How does one speak about “the light” that was Dominic? How does one speak of this inexplicable tragedy that has shut off that light?

I am being neither flippant nor poetic in my use of the word “light”. I have heard it so many times from different people who either knew Dominic well or had only heard of him. I have heard students speak of him as “radiant light”, as “luminous.” He cast a certain light in the way he perceived the world, in the way he wanted people to be with one another, in the way he saw the place of music in our lives, in the way he saw his role in our midst.

“For Dominic, life and music was about love and compassion and forgiveness and kindness and gratitude and connectedness. As a friend put it, “Dominic was hired to teach music, and he did, but it was secondary to his teaching about love and compassion.””

I came to know him best was when I joined his choirs for The Messiah in 2017 and Faure’s Requiem in the spring of 2018. He shone the brightest of lights on the pieces and brought a new perspective to those of us who had been singing the choruses of The Messiah for 25 years. He made clear the symbiosis of the music and the words, the nuances and dynamics of the music that bring the story to life. He also made us understand that we had been given a gift, and we, in turn, were giving that gift to those who would be listening to us. We not only were singing, but also making a connection with each other in the choir and with those in the audience.

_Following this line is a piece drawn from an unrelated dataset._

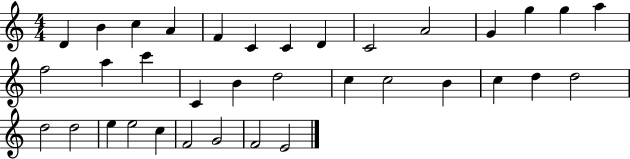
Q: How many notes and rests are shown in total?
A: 35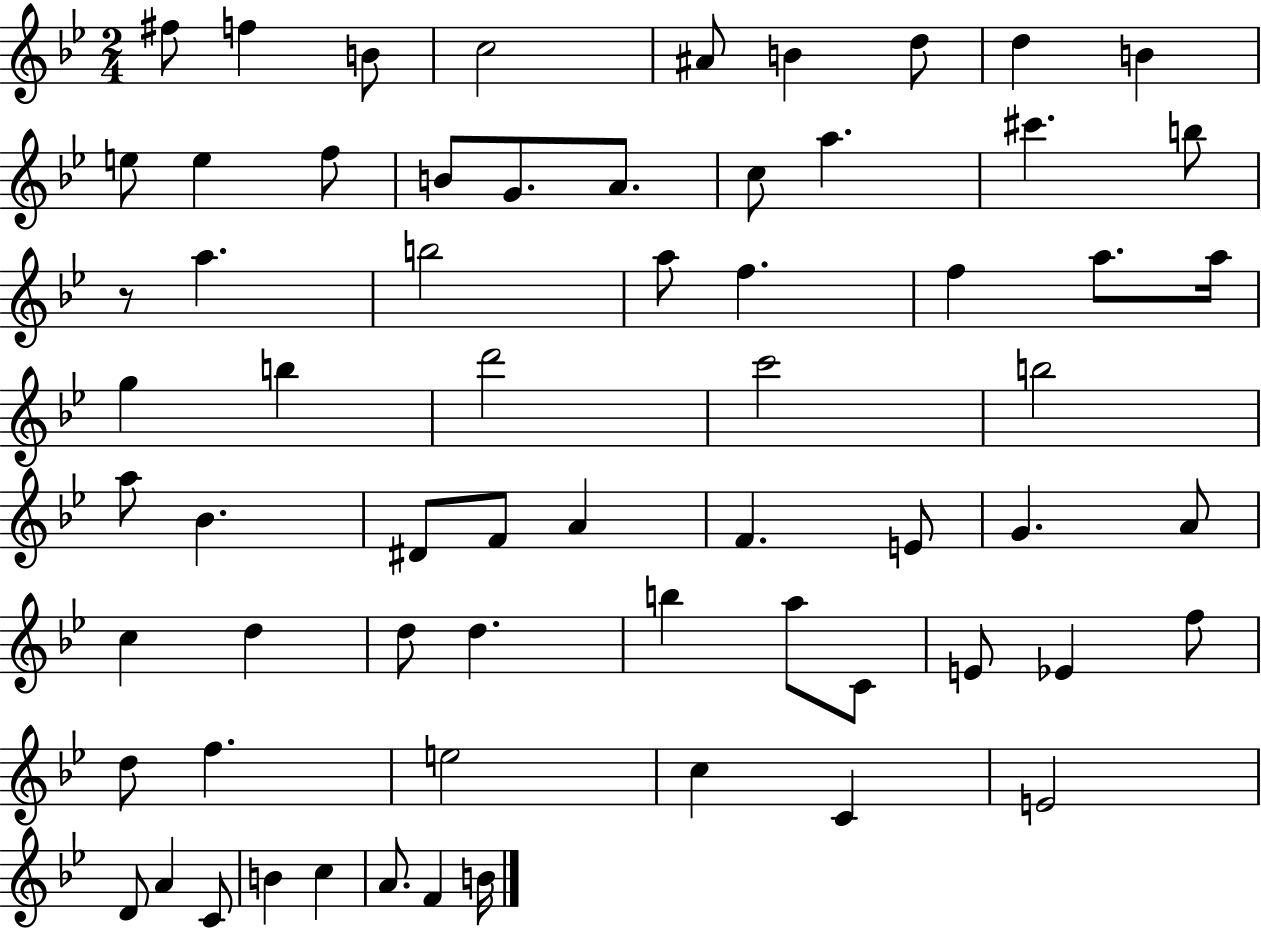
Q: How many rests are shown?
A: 1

For above all, Dominic was a passionate connector.

And that was the role of music in our lives. For Dominic, life and music was about love and compassion and forgiveness and kindness and gratitude and connectedness. As a friend put it, “Dominic was hired to teach music, and he did, but it was secondary to his teaching about love and compassion.”

During rehearsals, he would constantly encourage us to reflect on those values, and make us greet and speak to the choristers beside us. It was annoying and quirky at first – all those homilitics and all that hugging your neighbour – but eventually it all made sense. We were not simply singing, we were connecting and living the music.

And the students in the choir – one could see how much they idolized Dominic, how they respected him and absorbed everything he said. He was full of joy and was genuine in his affection and care. As one student put it quite poetically, Dominic’s luminosity “radiated from his being and dispelled the shadows from every soul he touched.” And he worked hard – late into the night writing and sending us copious notes after every rehearsal – and he expected us to work on his notes.

As soon as he had come on campus, he worked hard at attracting students to his choirs. He eventually doubled the size of the University choirs as students responded to the freshness and vitality of his approach to music, and to his creativity.

He very quickly made a name for himself in the University as well as in the community.  Regina has always been blessed in its musical culture; Dominic tapped into that culture and enriched it. The concerts he directed were always a delightful and aesthetic experience –transcendent even.

And then there was his socializing, for he had cast a wide net of circles of friends. He was as intense in his friendships as he was in all that he did. He was loving and wanted desperately to be loved.

But I think Dominic would tell us to find comfort “in the strength of love”; love makes the tragedy endurable, which would otherwise inflame the brain and break the heart. There is comfort in knowing that though Dominic’s life was brief, it was a life profoundly, lovingly, lived. Dominic strongly believed that we live not in our bodies but in our minds and hearts.  And so though he is no longer with us physically, he continues to live in the spirit and the music and the love he left behind, in the many whom he taught and whose lives he touched with his “bright light.”